The system and configuration is the same of bug 11776

How to repeat:
description on what I've done:
1) created ndbcluster table
2) insterted data into it
3) shutdown from mgm node
4) restarted cluster
5) all fine, data is OK
7) issued "alter table" adding varchar types to a table; the change is visible to both mysql api nodes that I'm using (after a first failed select on the second node, I've made the alter table on the first api node). No one else was using the cluster.
8) inserted rows using both nodes, all OK
9) shutdown/restart
10) only data inserted after issuing the alter table is present, the rows inserted in step 2 is completely lost.

I've repeated the same procedure, using a innodb/myisam as temporary table:
7a) issued alter table converting my table to innodb (and myisam)
8a) issued alter table adding the field as before
9a)  issued alter table converting my table back to ndbcluster

but the behaviuor is the same is before,
10a) inserted rows using both nodes, all OK
11a) shutdown/restart
12a) only data inserted after issuing the alter table is present, the rows inserted in step 2 is completely lost.

So if this is not a bug I wander how I can alter a table...
[22 Jul 2005 17:27] Jonathan Miller
Did you put the cluster into single user mode as required for doing alter table?
[23 Jul 2005 23:19] Fabio Coatti
To be honest no, I' havent seen this as a requirement reading the documentation; during tests I reckon that api node 2 was turned off (probably) and I'm sure was not used. Anyway, I've just repeated the tests issuing single user mode command, but the result is exactly the same: only rows inserted after alter table has survived, prior data get lost.
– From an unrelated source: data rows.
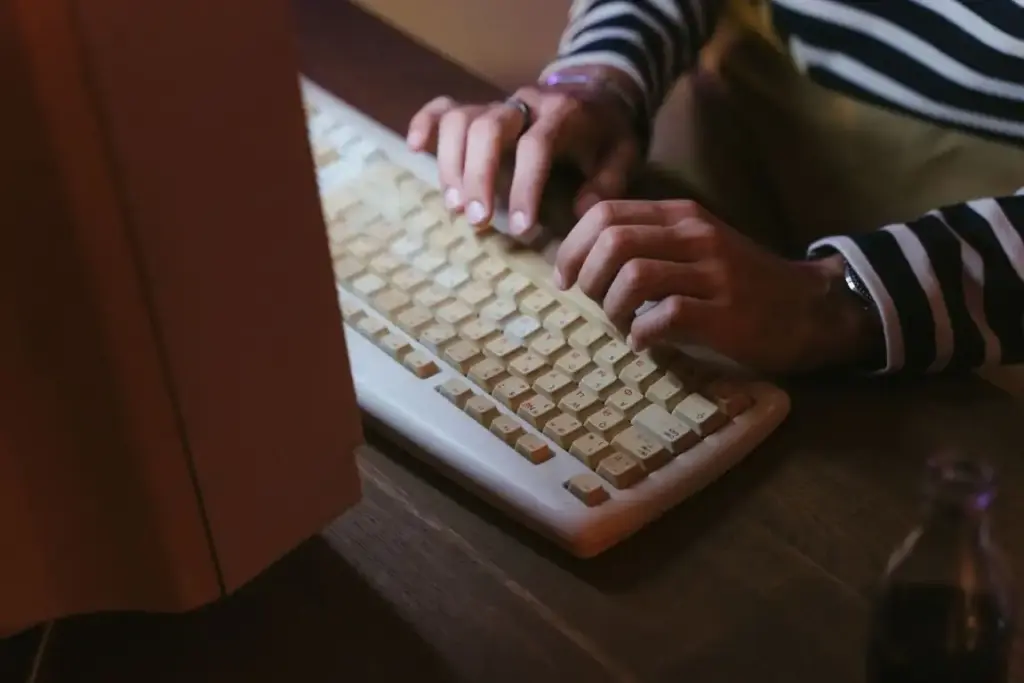 Nahaufnahme von Händen auf einer Tastatur – der Drei-Finger-Griff Strg+Alt+Entf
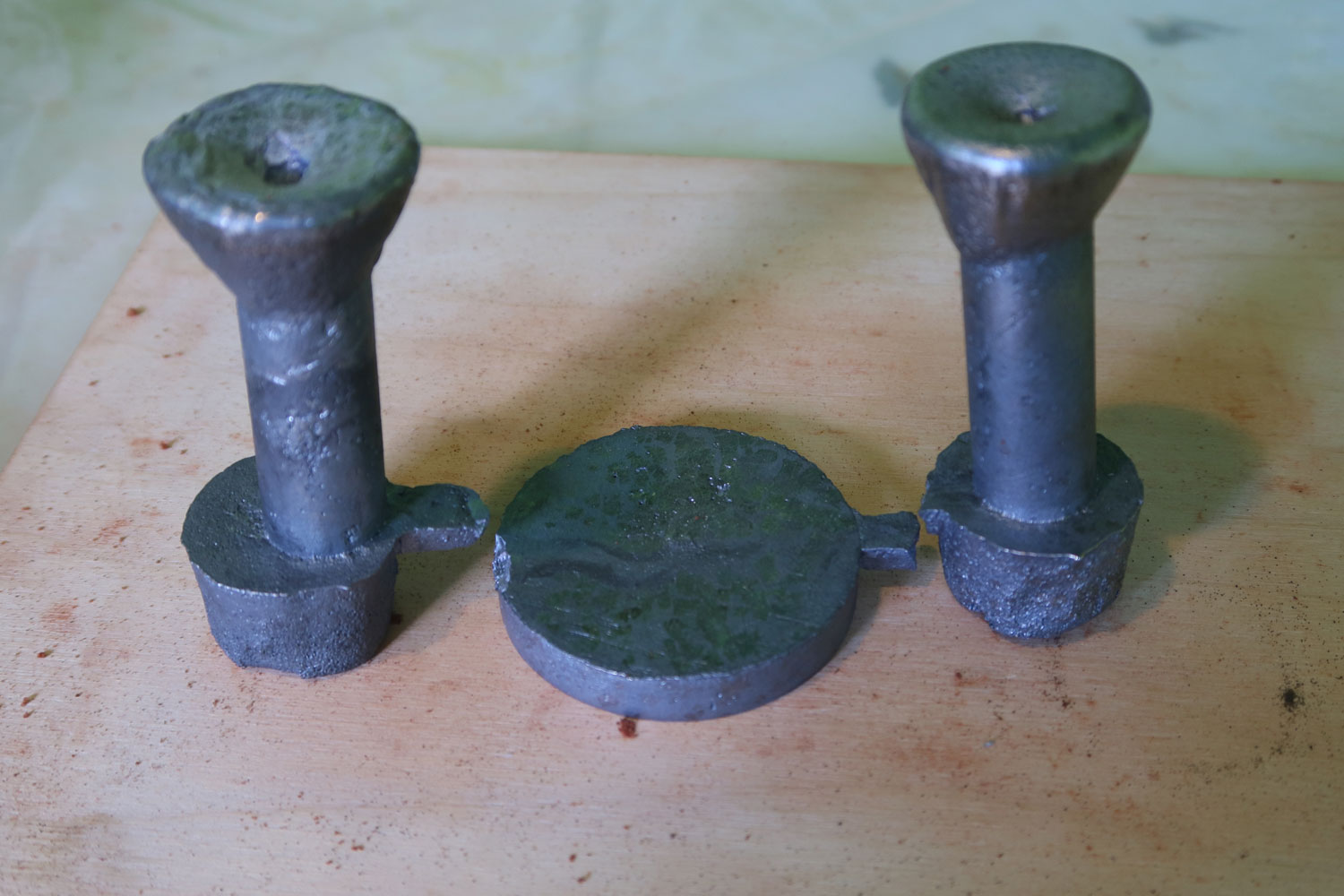 錫 37.7%青銅の鋳造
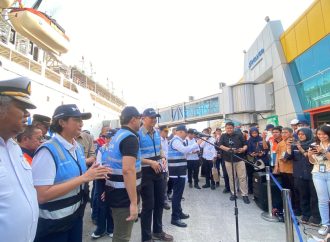 Pastikan Kelancaran Arus Nataru, Menko AHY Cek Langsung Terminal Penumpang Pelindo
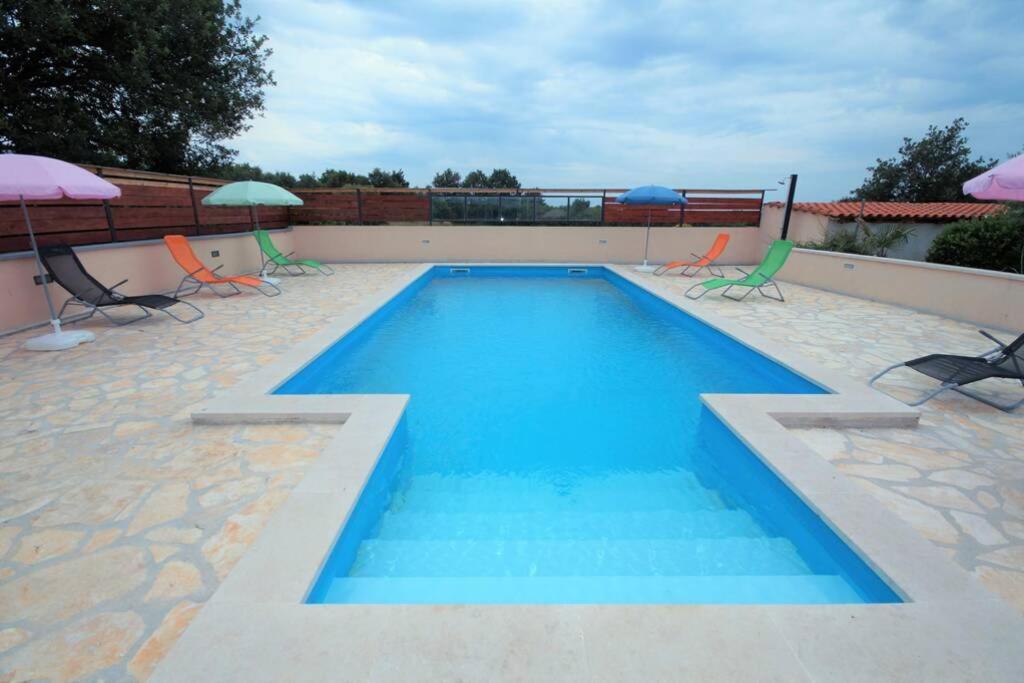 Sunny Apartment With Pool Šišan Extérieur photo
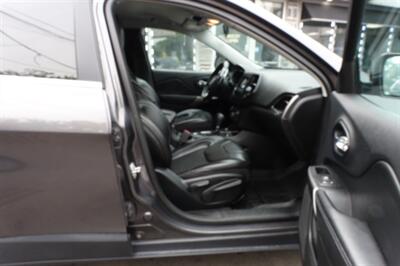2019 Jeep Cherokee Latitude Plus   - Photo 14 - Newark, NJ 07104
If you need some more testing, just drop me a note with all steps desired, no problems.
[2 Aug 2005 9:15] Martin Skold
Transfer to Jonas since he as already started on solving this problem.
[3 Aug 2005 12:32] Martin Skold
A schema upgrade should always be acompanied with
a backup both before and after the upgrade to ensure 
data is never lost. This is not a fix to the problem, but 
ensures that no data is lost at least.

The problem occurs if no LCP has been done between
the ALTER TABLE and the system restart.
A workaround is to ensure one never restarts cluster until
after next LCP (specified with TimeBetweenLocalCheckpoints) 
after the ALTER TABLE is completed.
[4 Aug 2005 8:14] Fabio Coatti
Is there any way to force a LCP? I understand that on a cluster with a normal workload the LCP can occur quite often, but there are situation where one should be sure to have all data safe, and this issue can wipe out all data in a table, if something goes wrong at the wrong time. Maybe the alter table is issued in a off-load timeframe and the LCP is not occurring in, say, hours...
[18 Aug 2005 12:02] Bugs System
A patch for this bug has been committed. After review, it may
be pushed to the relevant source trees for release in the next
version. You can access the patch from:

  http://lists.mysql.com/internals/28448
[22 Aug 2005 18:51] Jonas Oreland
Pushed into 4.1.15 and 5.0.12
[25 Aug 2005 10:03] Jon Stephens
Thank you for your bug report. This issue has been committed to our
source repository of that product and will be incorporated into the
next release.

If necessary, you can access the source repository and build the latest
available version, including the bugfix, yourself. More information 
about accessing the source trees is available at
    http://www.mysql.com/doc/en/Installing_source_tree.html

Additional info:

Bugfix documented in 4.1.15 and 5.0.13 changelogs. Closed.